Ekspor mineral mentah & pembangunan smelter rendah



KONTAN.CO.ID - JAKARTA. Realisasi ekspor mineral mentah yang diterbitkan oleh Kementerian Energi dan Sumber daya Mineral (ESDM) baik nikel ore maupun bauksit masih sangat rendah.

Misalnya saja nikel, dari rekomendasi yang diberikan oleh 14 perusahaan yang jumlahnya mencapai 22,9 juta ton, sampai 30 November 2017 ini baru tercapai 3 juta ton. Sedangkan bauksit juga demikian, dari enam perusahaan yang mendapat rekomendasi dengan jumlah 14,9 juta ton, baru mencapai 696.616 ton.

Direktur Jenderal Mineral dan Batubara (Dirjen Minerba) Kementerian ESDM, Bambang Gatot Ariyono mengatakan bahwa melaksanakan kewajiban ekspor memang tidak mudah, ada kewajiban yang harus dipenuhi. “Jika sampai batas waktu, setahun (saat pemberian ekspor), kegiatan ekspor mereka belum mencapai target, maka kuota tersebut tidak bisa di-carry forward. Salah mereka kenapa tidak bisa memanfaatkan,” terangnya di Kantor Kementerian ESDM, Rabu (27/12).


Selain itu, pemerintah meyakini rekomendasi kuota ekspor akan terus bertambah, seiring dengan adanya perusahaan lain yang akan meminta rekomendasi ekspor. Namun Bambang mengklaim, bahwa rekomendasi ekspor bukan ajang pemerintah membuka ekspor secara besar-besaran. “Lebih tepatnya ini kan insentif untuk membangun smelter, bukan tujuannya membuka secara bebas,” terangnya.

Terkait dengan rekomendasi ini, berkaitan erat dengan pembangunan fasilitas pengolahan dan pemurnian mineral (smelter). Mengacu data dari Kementerian ESDM, masih ada beberapa perusahaan yang pembangunannya masih kecil.

Seperti contoh, PT Ceria Nugraha Indotama yang progres pembangunan smelternya masih 0,03%. Yang rekomedasi ekspornya disetujui sekitar 2,3 juta ton dan baru terealisasi 222.634 ton. Selain itu PT Fajar Bakti Lintas Nusantara yang kemajuan smelternya masih 0% dengan rekomendasi ekspor 4 juta ton dan realisainya masih 0%.

“Jika dalam enam bulan sesuai dari verifikator independent, progres smelternya belum mencapai 90% dari rencana kerja.

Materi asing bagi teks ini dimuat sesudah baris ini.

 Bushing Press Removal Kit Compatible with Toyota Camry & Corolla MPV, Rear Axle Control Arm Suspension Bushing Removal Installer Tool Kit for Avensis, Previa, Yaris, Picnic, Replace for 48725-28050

Maka kami akan cabut rekomendasi ekspornya,” tandasnya.

Selain akan mencabut, pemerintah juga sedang mengkaji untuk memberikan sanksi finansial bagi perusahaan yang dalam periode enam bulan penilaian belum mencapai target. Namun sayangnya Bambang belum bisa memastikan kapan aturan tersebut akan dikeluarkan.

Yang jelas, kata Bambang, sanksi finansial itu akan masuk kedalam revisi Peraturan Menteri (Permen) No. 35/2017 Tentang Tata Cara dan Persyaratan Pemberian Rekomendasi Pelaksanaan Penjualan Mineral Ke Luar Negeri Hasil Pengolahan dan Pemurnian.

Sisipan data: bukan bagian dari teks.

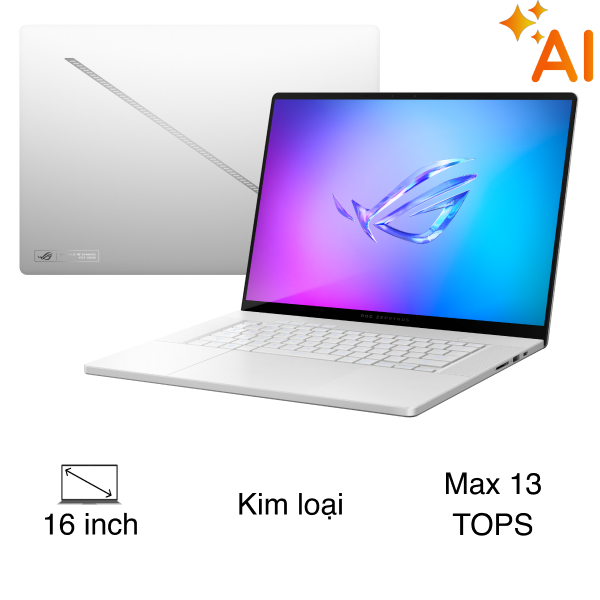 Laptop Asus Gaming ROG Zephyrus G16 GU605CR - QR265WS (Ultra 9 285H, 32GB, 1TB, RTX 5070Ti 12GB, WQXGA OLED 240Hz, OfficeH24 365B, Win11)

Adapun kata Bambang, sanksi ini dibuat untuk perusahaan-perusahaan yang melakukan tindakan oportunis. Misalnya, perusahaan yang sudah diberikan rekomendasi ekspor dan diperiksa oleh verifikator independent, menyetop pembangunan smelternya lantaran keinginan ekspornya sudah dihabiskan. “Dengan sanksi finansial ini kan bisa kita tagih,” tandasnya.